Venezia, 9 giugno 2019 -  Non ama le etichette, Milovan Farronato. Curatore e talent scout, vanta una solida esperienza costellata da collaborazioni con la Serpentine Gallery di Londra e la Biennale di Istanbul, pubblicazioni, incarichi universitari e progetti curatoriali tra Modena e Venezia, Polonia e Brasile. Nato a Piacenza nel 1973, dal 2010 dirige il Fiorucci Art Trust, fondazione istituita dalla collezionista Nicoletta Fiorucci, per il quale ha ideato il festival Volcano Extravaganza che ha luogo in luglio sull’isola di Stromboli. Come prima nomina da neoministro, Alberto Bonisoli lo ha scelto come curatore del Padiglione Italia alla 58ª Mostra Internazionale d’Arte della Biennale di Venezia

 Parliamo del prima: quando è avvenuto il suo incontro con l’arte? "L’incontro con l’arte non è stata una folgorazione, credo si sia trattato più di una concatenazione di eventi. Cercavo qualcosa e mi sono imbattuto in qualcos’altro che poi ho preferito. Da studente l’arte mi toccava prima attraverso certe letture e solo dopo per mezzo della visione diretta".

In un’intervista ha confidato che le opere preferisce descriverle che interpretarle: che rapporto ha con la creatività e come riconoscere i talenti pronti a emergere? "Con la creatività ho un rapporto di sana e profonda ammirazione. Talvolta diventa anche una forma di dipendenza. Forse anche per questo motivo non risolvo quasi mai una collaborazione in un’unica esperienza ma tendo a sperimentarne varie forme: curare una mostra su, intorno al lavoro di, insieme a... attraverso! I tagli e le prospettive possono essere molteplici. Avverto qualcosa che esiste al di fuori di me e che vorrei assimilare, assorbire, con cui vorrei entrare in profondo contatto. Imparo sempre da una collaborazione nuove sfumature sull’arte e sulla vita, e la realtà. L’emersione è un processo delicato e che necessita le giuste circostanze per la sua migliore manifestazione. Quando riconosco un talento giovane mi dedico a orchestrare le migliori coordinate affinché esso possa esprimersi". 
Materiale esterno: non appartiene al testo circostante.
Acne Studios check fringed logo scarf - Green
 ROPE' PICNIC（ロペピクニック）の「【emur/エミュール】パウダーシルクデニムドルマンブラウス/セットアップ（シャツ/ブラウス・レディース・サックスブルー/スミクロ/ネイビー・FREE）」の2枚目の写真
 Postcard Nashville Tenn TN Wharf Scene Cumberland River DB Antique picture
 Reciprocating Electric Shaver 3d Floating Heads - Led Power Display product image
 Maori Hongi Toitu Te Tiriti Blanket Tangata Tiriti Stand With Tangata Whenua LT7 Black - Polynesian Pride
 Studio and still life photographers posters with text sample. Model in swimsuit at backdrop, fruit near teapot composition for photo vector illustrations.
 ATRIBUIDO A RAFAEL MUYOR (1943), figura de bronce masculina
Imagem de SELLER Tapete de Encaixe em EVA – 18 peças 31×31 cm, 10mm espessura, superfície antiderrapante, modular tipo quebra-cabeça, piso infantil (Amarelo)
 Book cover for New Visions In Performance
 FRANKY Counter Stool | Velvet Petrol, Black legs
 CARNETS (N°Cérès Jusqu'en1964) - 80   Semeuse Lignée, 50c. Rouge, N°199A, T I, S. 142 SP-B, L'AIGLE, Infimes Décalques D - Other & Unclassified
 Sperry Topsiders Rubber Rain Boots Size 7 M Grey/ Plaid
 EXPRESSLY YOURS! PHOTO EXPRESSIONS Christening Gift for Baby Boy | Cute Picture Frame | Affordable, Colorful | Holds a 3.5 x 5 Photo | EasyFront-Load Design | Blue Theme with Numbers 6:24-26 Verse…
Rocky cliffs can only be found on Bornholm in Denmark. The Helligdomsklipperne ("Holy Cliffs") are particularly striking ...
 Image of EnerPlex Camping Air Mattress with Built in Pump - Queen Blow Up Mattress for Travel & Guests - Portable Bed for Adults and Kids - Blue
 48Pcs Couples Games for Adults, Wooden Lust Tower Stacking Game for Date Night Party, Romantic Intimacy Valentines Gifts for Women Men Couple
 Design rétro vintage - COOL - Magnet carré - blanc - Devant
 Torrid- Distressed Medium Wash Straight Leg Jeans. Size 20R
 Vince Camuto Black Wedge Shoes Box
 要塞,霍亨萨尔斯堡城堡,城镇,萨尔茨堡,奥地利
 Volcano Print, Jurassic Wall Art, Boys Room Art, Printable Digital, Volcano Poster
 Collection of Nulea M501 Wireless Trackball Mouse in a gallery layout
Liliana Moro, Enrico David e Chiara Fumai, tre artisti in un labirinto, con un rimando al testo di Italo Calvino del 1962: su questa idea ha costruito il Padiglione Italia, scelta da lei stesso definita una “sfida alla libertà”. Perché? "Il labirinto impone delle scelte. Una volta entrati in un labirinto  - sia esso fisico o metaforico - l’obbiettivo è uscirne, è la regola del gioco. Allo stesso tempo però il labirinto di cui parlava Calvino nel 1962, e quello che abbiamo pensato noi ispirandoci anche al suo saggio, è un labirinto in continua evoluzione, che ingloba tutte le possibilità, compresi dubbi e incertezze. All’interno del Padiglione Italia si trovano varie mostre che si manifestano in base alle scelte compiute a ogni biforcazione del percorso. In questo nostro labirinto, aperto a tutte le interpretazioni, e che abbraccia la complessità come forma di ricchezza esistenziale e cognitiva, lo spettatore è invitato a confrontarsi con alcune opere di David, di Fumai, di Moro, dedicando a ognuna di loro il tempo che crede sia necessario e riservandosi la possibilità di creare una o più narrative attraverso questi tre percorsi intrecciati. Facendo questo, potrebbe dimenticare il suo fine ultimo (quello di trovare la via di uscita), svincolandosi così dall’ideologia dell’arrivo, godendosi lo spazio e il tempo dilatato di Né altra Né questa e sentendosi finalmente davvero libero".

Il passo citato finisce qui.